You know how it is – you have three bridesmaids, and they’re all different shapes and sizes. You’re wondering how on earth you’ll find something that they are all happy with. Or you are wondering how on earth you’ll persuade them to wear that particular colour that you love but at least one of them hates…..
You have a few options.
1) You decide what they are wearing. You give them no choice over style or colour, and if they don’t like it, tough. This has the advantage that you don’t have endless trips to endless shops, followed by endless negotiating. However, it has the distinct disadvantage that you may fall out with your bridesmaids, and they may look uncomfortable and unhappy in your wedding photos. Not a great combo.
2) You give them Carte Blanche. Let them choose the style and colour for themselves, and you’ll just go with whatever it is. This might seem like the least bridezilla and most lovely thing for a friend to do. And if you only have one bridesmaid, and you really REALLY don’t mind what she wears, then it’s perfect, and an absolutely lovely thing to do. Your bridesmaid will feel completely comfortable in what she has picked. However, unless your bridesmaids are carbon copies of one another, both size, shape, and taste-wise, you will more than likely run into trouble, possibly treading on eggshells as you carefully negotiate your way through the diplomatic dress crisis.
3) (and this is my favourite) You set fairly strict guidelines. Narrow down the options first, before you involve them. Decide on colour (or at least a possible palette of colour), and certain criteria (e.g. full length, floaty/chiffon, same dress or different dresses etc), and work within those guidelines. Explain these guidelines to your bridesmaids before they even start trying on dresses. Don’t go to too many shops. And then, relax and let the bridesmaids work themselves within these criteria.

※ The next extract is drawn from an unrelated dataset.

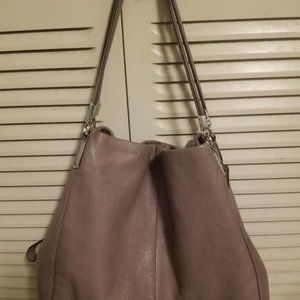 Coach Madison Leather Phoebe Shoulder Bag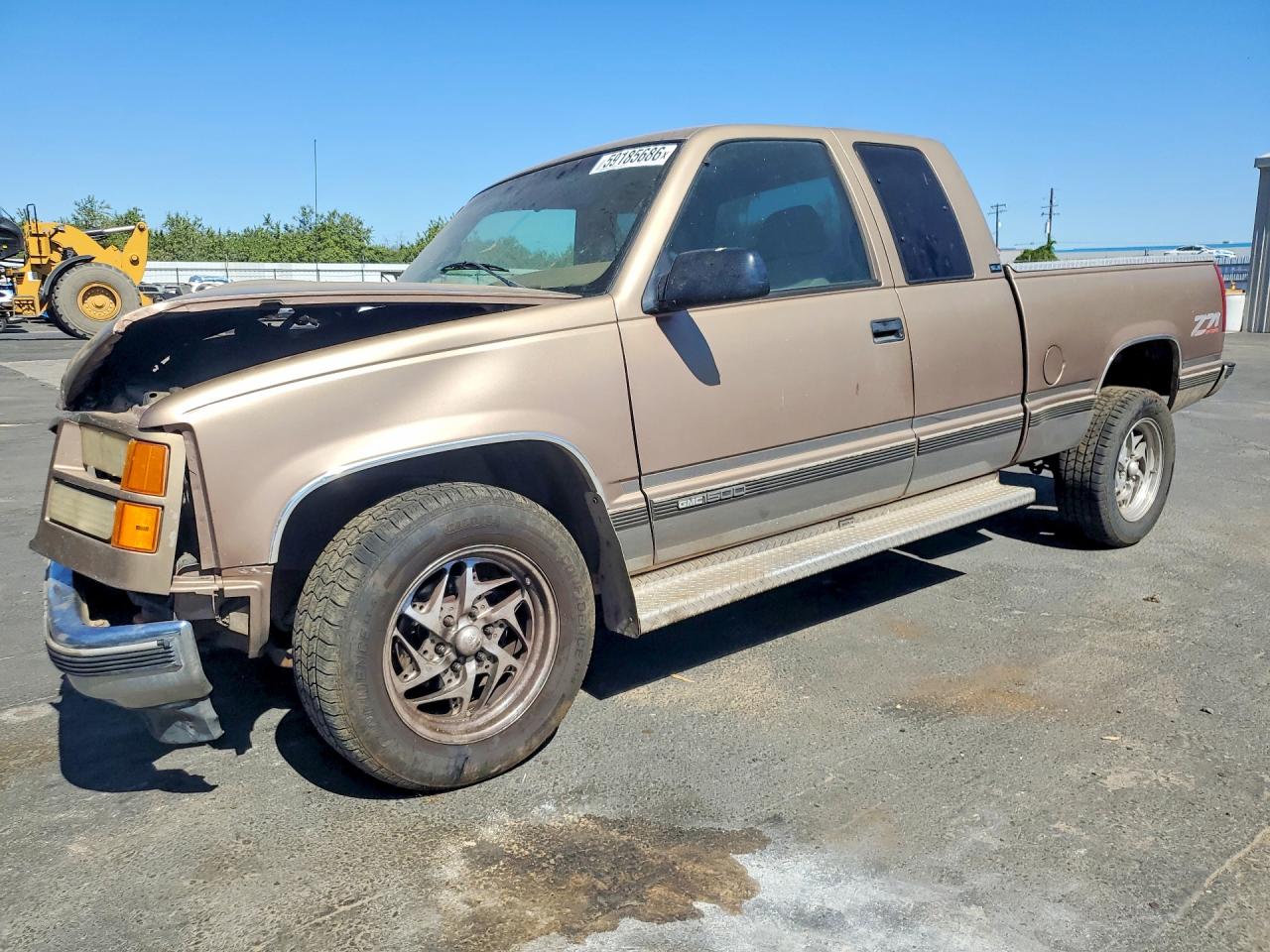 1995 Gmc Sierra K1500 Gold vin: 2GTEK19K6S1547162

Remember that you want the girls to be happy on the day, so they don’t look miserable and uncomfortable in your wedding photos. They are your friends or special to you in some way. And look for the happy medium.
There is always a process of negotiation. But there has to be give on both sides. A Good Bridesmaid will make sure that she always remembers that this is about the bride’s choice and it’s her wedding, and will always try to avoid having foot-stamping, toys-out-the-pram moments. She will also remember the other bridesmaids too, and not make it all about her. But a bride who is a Great Friend will make sure her spider-sense is well sharpened up to whether her bridesmaids are feeling horribly uncomfortable in a particular dress, and be prepared to go with a back up dress instead.
I have been privileged to see moments of real friendship in my shop, where it is clear that the exact positioning of a bow or a pleat, or the shade of colour in question, is far less important than a strong and very real bond of friendship between two people. And it warms the heart.